The dog is on a roll.... soon your freezer will be FULL...you can't be eating ALL this stuff you make lately????


----------



## wittdog (Jan 23, 2007)

My boys tear this stuff up....we eat alot of the stuff and then freeze the rest...we just used the last of the CB that was in the feezer..I also give some of it away...but I might start selling it.....


----------



## Puff1 (Jan 23, 2007)

wittdog said:
			
		

> CAPACOLLA is a lunch meat.


I don't think I've ever heard of it. Sounds Eyetalian.
Good luck with the project


----------



## Nick Prochilo (Jan 23, 2007)

Puff said:
			
		

> wittdog said:
> 
> 
> 
> ...



Yes littlewheel, it's Italian! Take a look here    http://stores.guilianos.com/-strse-97/C ... Detail.bok

Hey witt, PLEASE post this recipe!


----------



## Puff1 (Jan 23, 2007)

Nick Prochilo said:
			
		

> Puff said:
> 
> 
> 
> ...


It sounds good


----------



## DATsBBQ (Jan 23, 2007)

Nick Prochilo said:
			
		

> Puff said:
> 
> 
> 
> ...



 :ROFL


----------



## Smokey_Joe (Jan 23, 2007)

Nick Prochilo said:
			
		

> Puff said:
> 
> 
> 
> ...



There we go with the whole "aged meat" thing.....they are advertising it as aged to acquire it sweet and distinctive flavor....and it's PORK!

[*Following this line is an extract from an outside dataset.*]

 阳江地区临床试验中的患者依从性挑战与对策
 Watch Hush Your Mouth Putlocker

Thinking it must be cured...before it's aged...?


----------



## wittdog (Jan 23, 2007)

Yes it's cured and not all of it is aged...some is and some is cooked...I'll post the recipe when I get a chance...


----------



## Puff1 (Jan 23, 2007)

wittdog said:
			
		

> Yes it's cured and not all of it is aged...some is and some is cooked...I'll post the recipe when I get a chance...


Thanks Dog


----------



## wittdog (Jan 25, 2007)

The CB all trimmed up and ready to get injected and brined…..(2 Whole Loins)




In the brine

I’ll keep it in the brine till Tuesday..that’s 5 days then I will smoke it on Tuesday


----------



## Oz (Jan 25, 2007)

Witt, are you trimming the loins down and using the center cut only. In the top picture I see the fatty pieces have been trimmed off, do you brine those also?
I have a vertical smoker that I am going to put an electric burner with a sawdust pan and make some different types of bacon.


----------



## wittdog (Jan 26, 2007)

Yes I trim the loins the center cut makes a nice presentation and sometimes you run into the silverly stuff and trimming it makes it easier to cut that stuff off...the fatty pieces that are left I also brine and smoke..I call it mutant bacon it works well diced in an omelete or as an ingredient in greens or such..sometimes I sprinkle it with some Cajun seasoning and make some Yankee Taos Bacon...When I make CB I get 2 whole loins trim and cut them into thirds...I take the 6 pieces and stand them up around the bucket and then add the mutant stuff in the middle..when its done curing I take 2 of the 6 pieces and use it for Pea Meal Bacon..let dry some and roll in corn meal then fry it up...its good for breakfast or lunch the rest is then smoked....Hope this helps....Good luck on your vertical smoker conversion...something you may want  to invest in are some bacon hooks


----------



## wittdog (Jan 30, 2007)

Just finished the drying cycle for the CB..now its time to bring the smoke


----------



## Puff1 (Jan 30, 2007)

Mmmmm bacon


----------



## Nick Prochilo (Jan 30, 2007)

That's gonna be good!


----------



## wittdog (Jan 30, 2007)

Pea Meal Bacon (Cured not Smoked) all cut up and ready to fry….



Into the Frying Pan….



Get in my belly……Toasted NY Style Rye, little mayo s&p, lettuce no maters in the house…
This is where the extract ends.